During those two nights he was a person. Afterwards, he was (to put it bluntly, because I have no other way to make it clear) a penis that needs stimulation and satisfaction. He is able to do this compartmentalization because he grew up- and adopted- the mentality that women are sub-humans, and it is therefore ethically and morally okay to see them as sexual objects and nothing more, with an added complexity: it is okay to see women as sub-human IF they succumb to the man’s pressure to have sex, or choose to have sex otherwise. (If she resists all pressures and is a virgin at the wedding night, then she is elevated to.. an upper category, not one that is equal to men’s but a superior one to the sexual object category).
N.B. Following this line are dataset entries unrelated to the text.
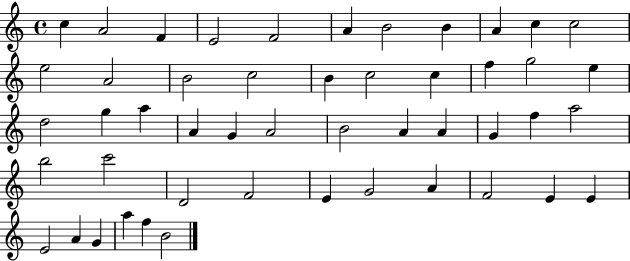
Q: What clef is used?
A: treble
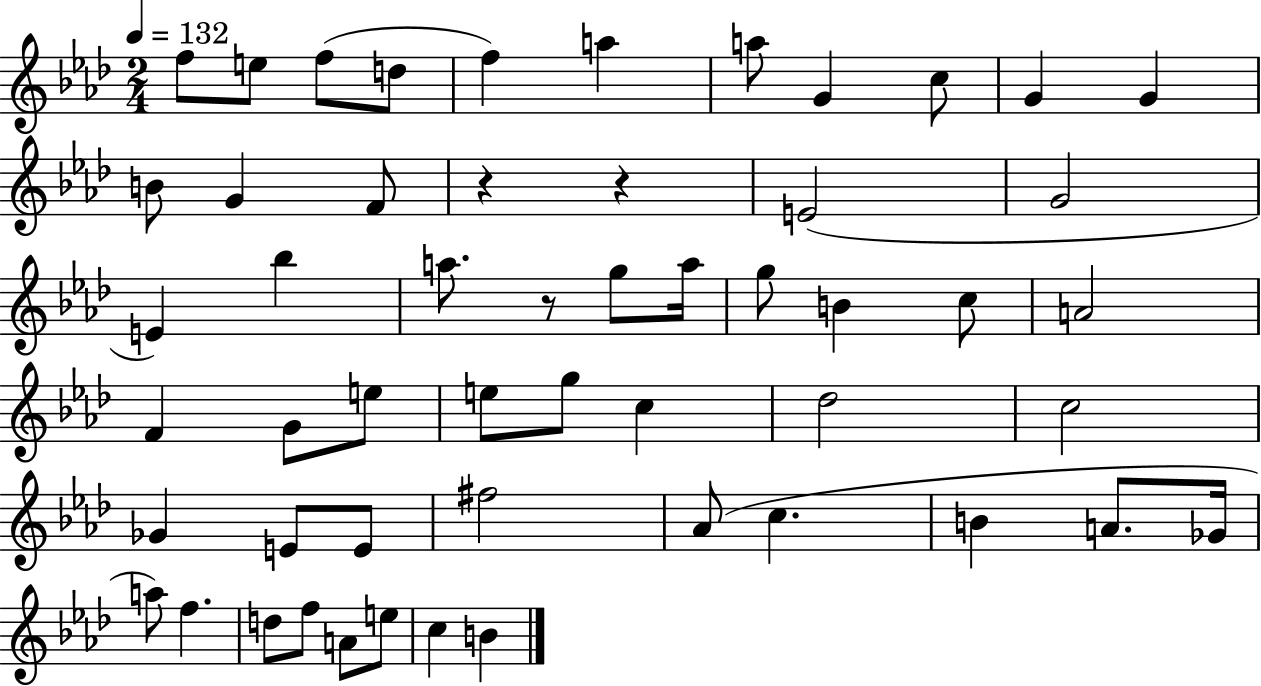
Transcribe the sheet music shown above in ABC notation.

X:1
T:Untitled
M:2/4
L:1/4
K:Ab
f/2 e/2 f/2 d/2 f a a/2 G c/2 G G B/2 G F/2 z z E2 G2 E _b a/2 z/2 g/2 a/4 g/2 B c/2 A2 F G/2 e/2 e/2 g/2 c _d2 c2 _G E/2 E/2 ^f2 _A/2 c B A/2 _G/4 a/2 f d/2 f/2 A/2 e/2 c B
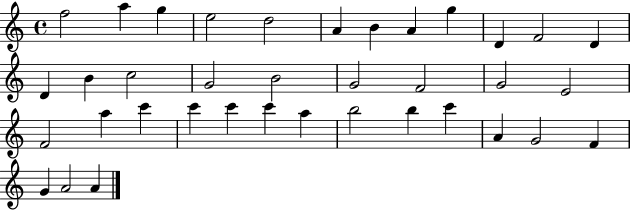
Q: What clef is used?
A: treble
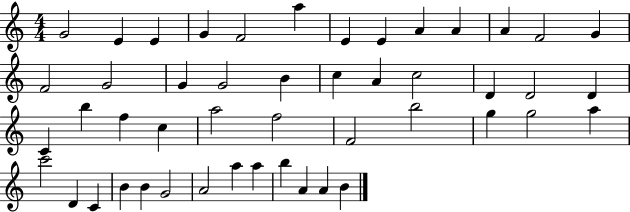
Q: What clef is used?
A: treble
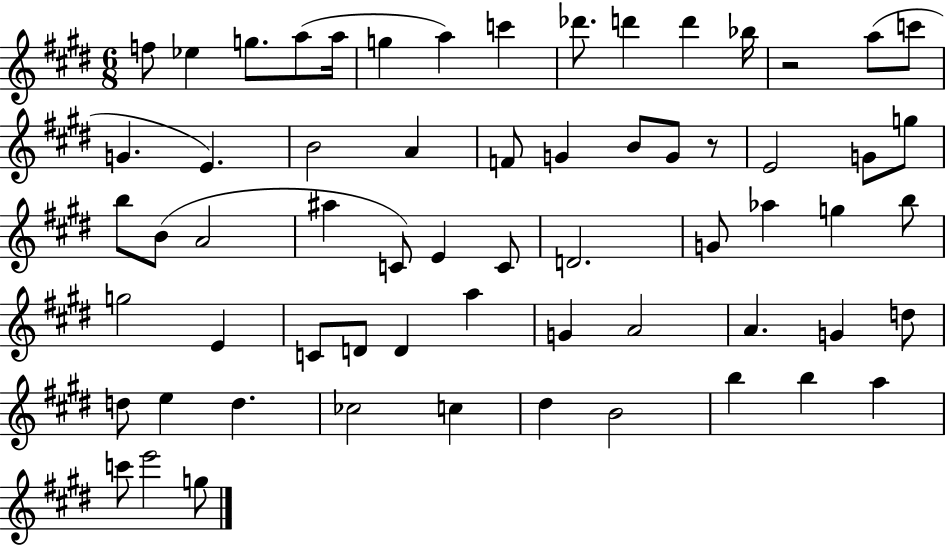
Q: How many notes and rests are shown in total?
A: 63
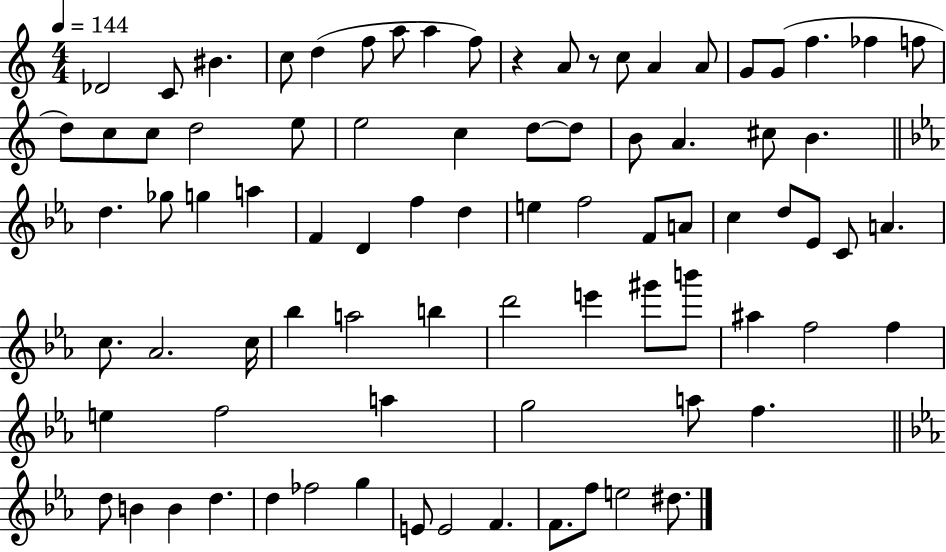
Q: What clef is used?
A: treble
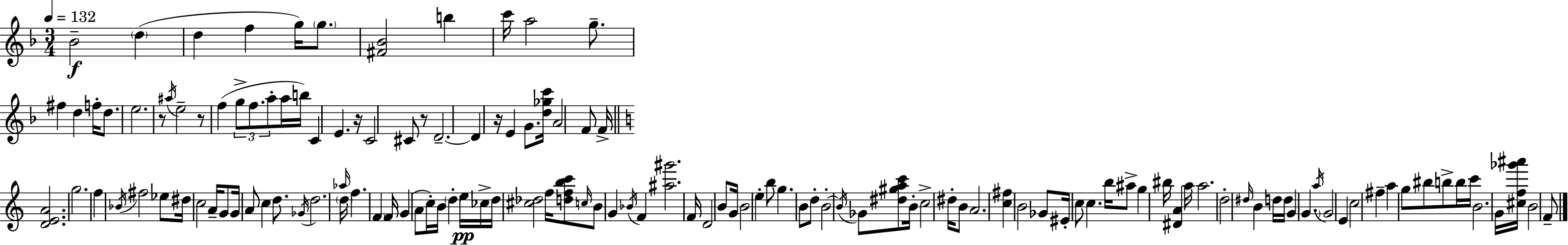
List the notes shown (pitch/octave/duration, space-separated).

Within this mentality, some.. “nice” men will wine-and-dine a woman with the expectation of having sex, but many men, particularly if they are considered attractive and desirable, and if they are busy (like the man you described), and/ or they don’t want to spend the money, for the sake of convenience and expediency, will forgo the wining-and-dining part.

The man you described had no problems ignoring you after he got satisfied because… well, it is not different from a hungry man having had a full meal, ignoring an offer for second meal right away. Not that you offered him a second meal, but in his mind, this is WHAT you are, a meal to be had when hungry. Of course, for the considered-attractive men, there are plenty of meals offered, so when hungry, they feed on what is available right there and then.

This mentality and these kinds of men ruined a lot for me… disgusting, and it is a human-woman tragedy on a global scale.